### Task item
Scan the records below for the line with "Thanks for subscribing, and" and the line with "Now adjust the". Repeat those two lines and every line between them exactly, and nothing else.

Source data:
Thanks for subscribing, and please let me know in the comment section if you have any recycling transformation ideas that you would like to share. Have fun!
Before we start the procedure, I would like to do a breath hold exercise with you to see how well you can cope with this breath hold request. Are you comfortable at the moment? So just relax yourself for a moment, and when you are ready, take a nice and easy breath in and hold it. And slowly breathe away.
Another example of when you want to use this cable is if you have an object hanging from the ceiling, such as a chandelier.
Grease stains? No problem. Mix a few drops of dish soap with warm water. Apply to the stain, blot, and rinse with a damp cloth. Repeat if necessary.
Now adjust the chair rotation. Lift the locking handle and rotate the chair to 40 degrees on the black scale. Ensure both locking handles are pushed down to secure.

...

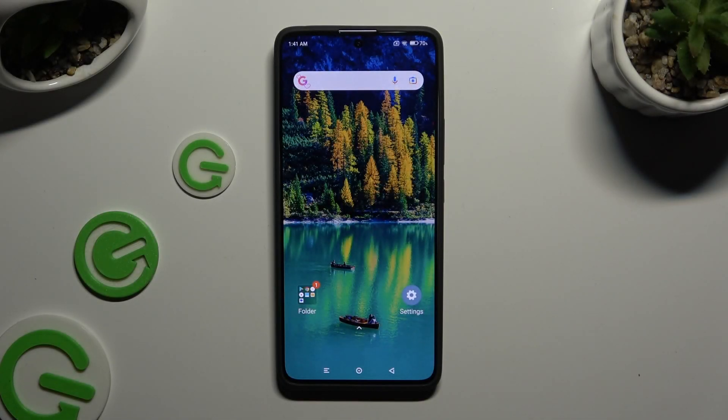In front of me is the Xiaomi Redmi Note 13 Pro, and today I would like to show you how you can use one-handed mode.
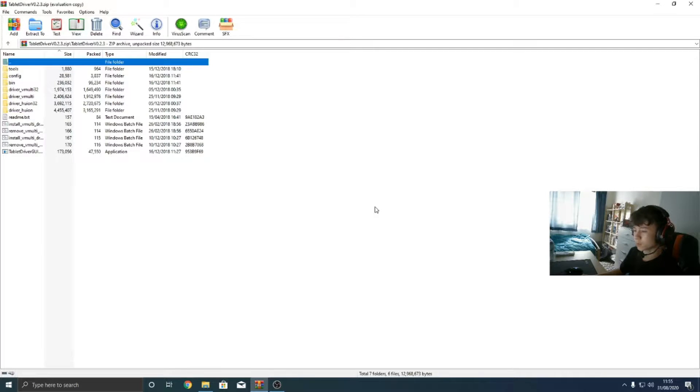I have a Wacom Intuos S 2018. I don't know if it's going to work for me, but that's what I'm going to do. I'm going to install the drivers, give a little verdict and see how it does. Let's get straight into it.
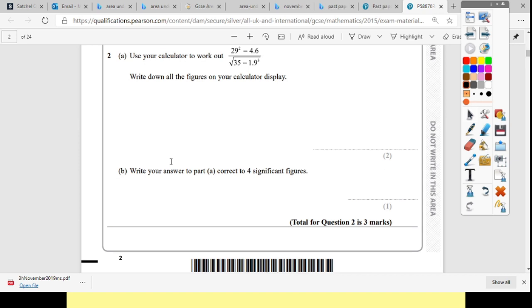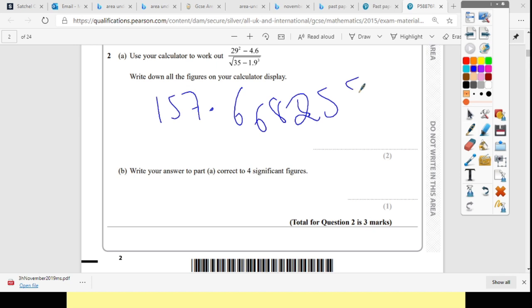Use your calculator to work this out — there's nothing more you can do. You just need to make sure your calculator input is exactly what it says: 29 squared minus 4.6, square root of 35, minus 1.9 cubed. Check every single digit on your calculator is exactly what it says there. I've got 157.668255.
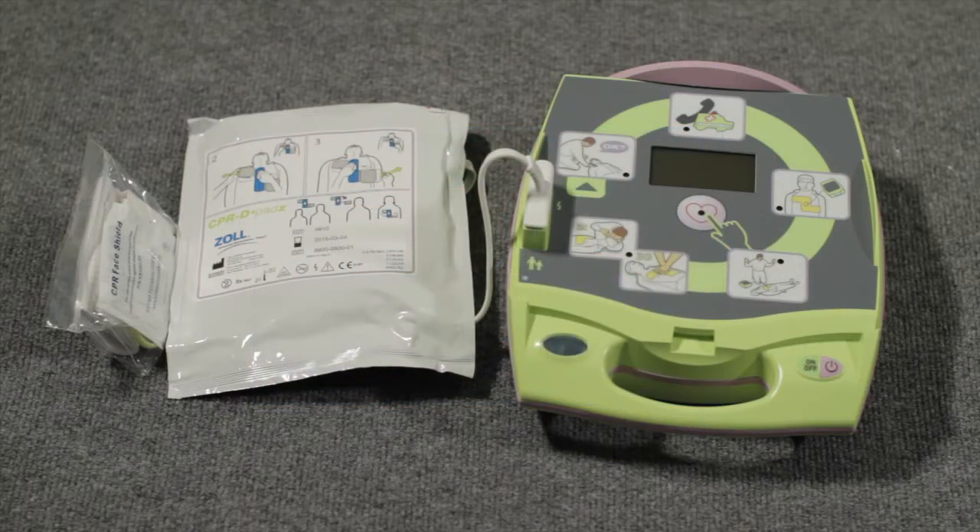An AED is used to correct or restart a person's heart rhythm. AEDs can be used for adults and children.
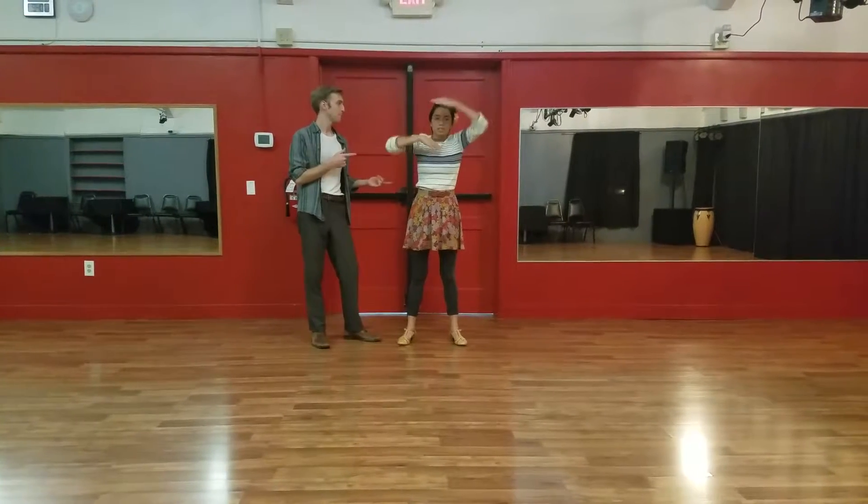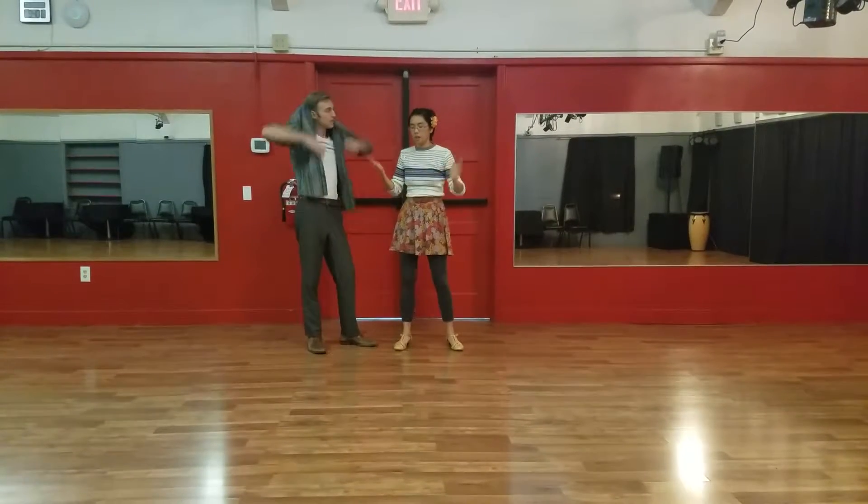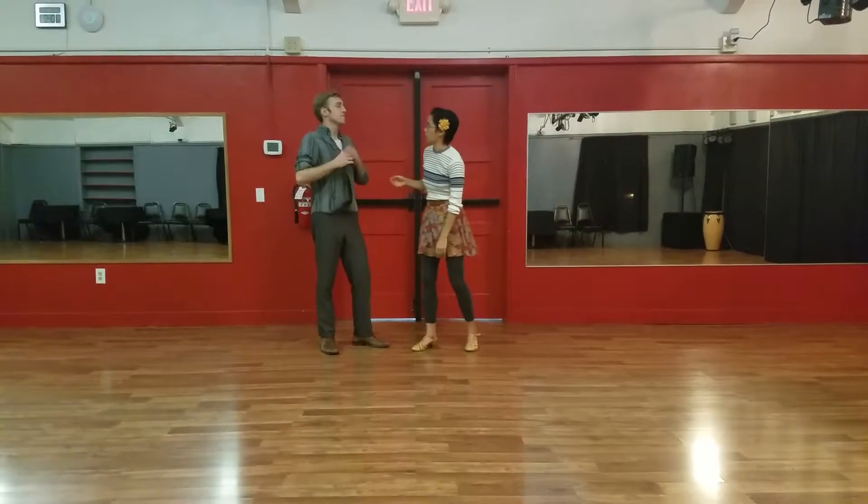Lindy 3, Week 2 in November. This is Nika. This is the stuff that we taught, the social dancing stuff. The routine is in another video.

### Exercise output
Thanks for subscribing, and please let me know in the comment section if you have any recycling transformation ideas that you would like to share. Have fun!
Before we start the procedure, I would like to do a breath hold exercise with you to see how well you can cope with this breath hold request. Are you comfortable at the moment? So just relax yourself for a moment, and when you are ready, take a nice and easy breath in and hold it. And slowly breathe away.
Another example of when you want to use this cable is if you have an object hanging from the ceiling, such as a chandelier.
Grease stains? No problem. Mix a few drops of dish soap with warm water. Apply to the stain, blot, and rinse with a damp cloth. Repeat if necessary.
Now adjust the chair rotation. Lift the locking handle and rotate the chair to 40 degrees on the black scale. Ensure both locking handles are pushed down to secure.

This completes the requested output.